Would you please return only the lines from the one with "Single Muniya Border Lavender Silk Saree" through the last line of the records below, leaving the pictures out?

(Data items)
===============
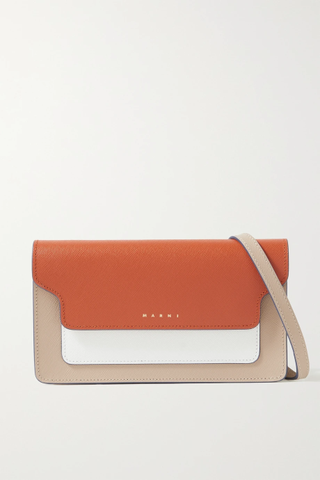 Marni + Mini Color-Block Textured-Leather Shoulder Bag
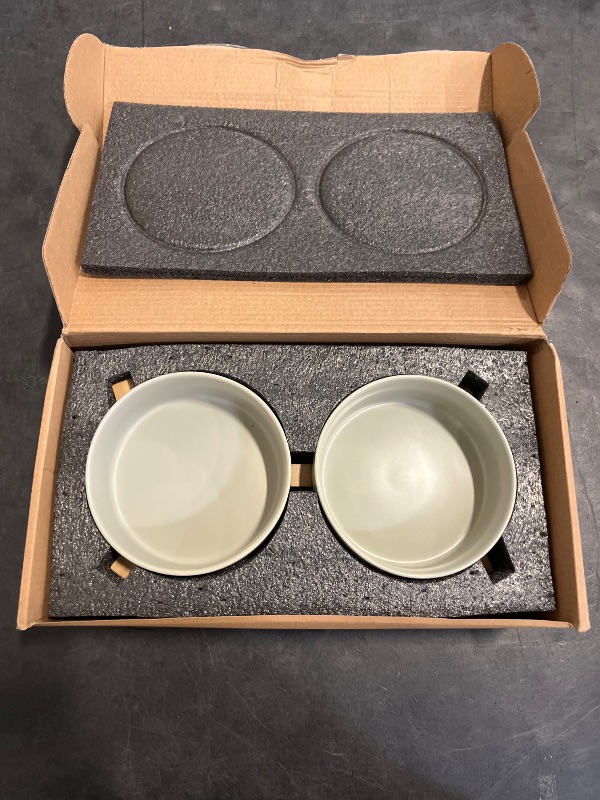 Photo 1 of SPUNKYJUNKY Ceramic Dog and Cat Bowl with Wood Stand Non-Slip Matte Glaze Weighted Food Water Set for Cats &Small Dogs 13.5OZ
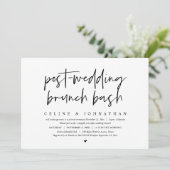 Post-bruiloft Brunch Bash, bruiloft Elopement Kaart (Staand voorkant)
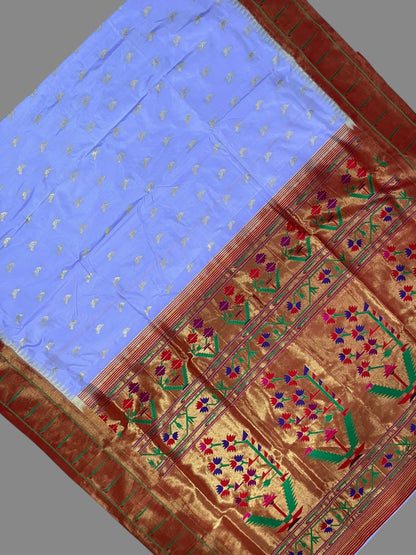 Single Muniya Border Lavender Silk Saree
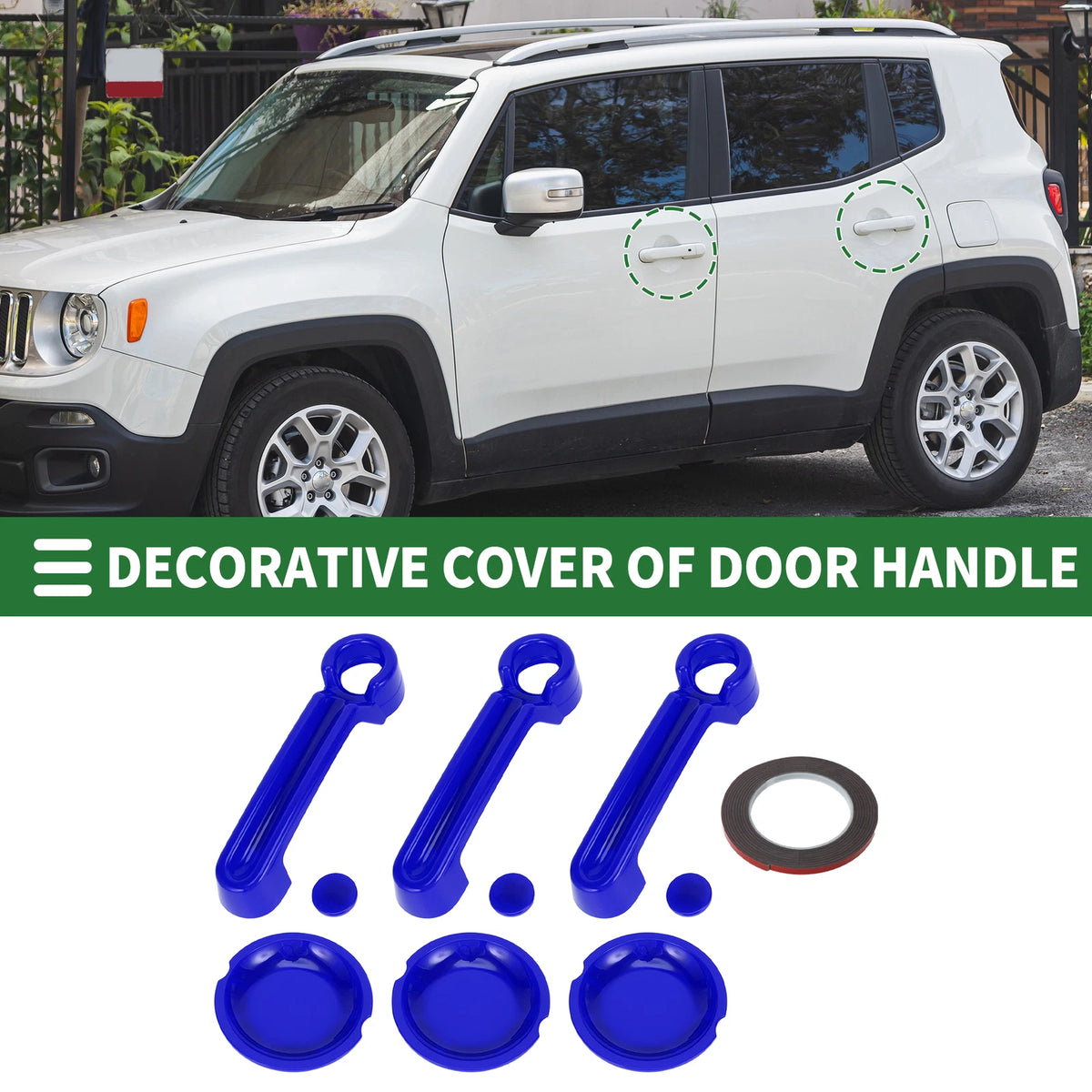 Set of 2 Exterior Door Handle Covers for Jeep Wrangler JK (2007–2018) - ABS Deep Blue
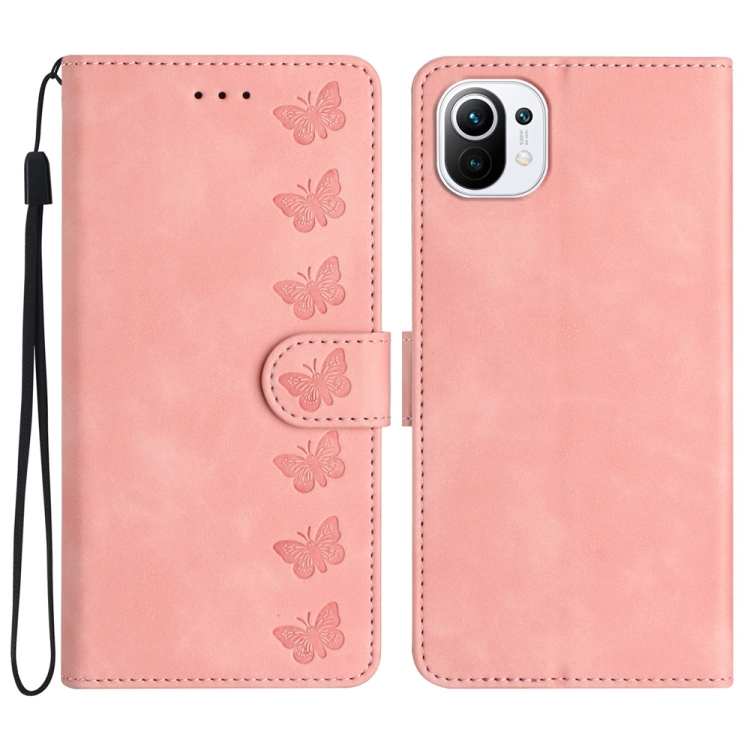 

For Xiaomi Mi 11 Lite Seven Butterflies Embossed Leather Phone Case(Pink)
===============
▶ EXERCISE SOLUTION:
 Single Muniya Border Lavender Silk Saree
 Set of 2 Exterior Door Handle Covers for Jeep Wrangler JK (2007–2018) - ABS Deep Blue

For Xiaomi Mi 11 Lite Seven Butterflies Embossed Leather Phone Case(Pink)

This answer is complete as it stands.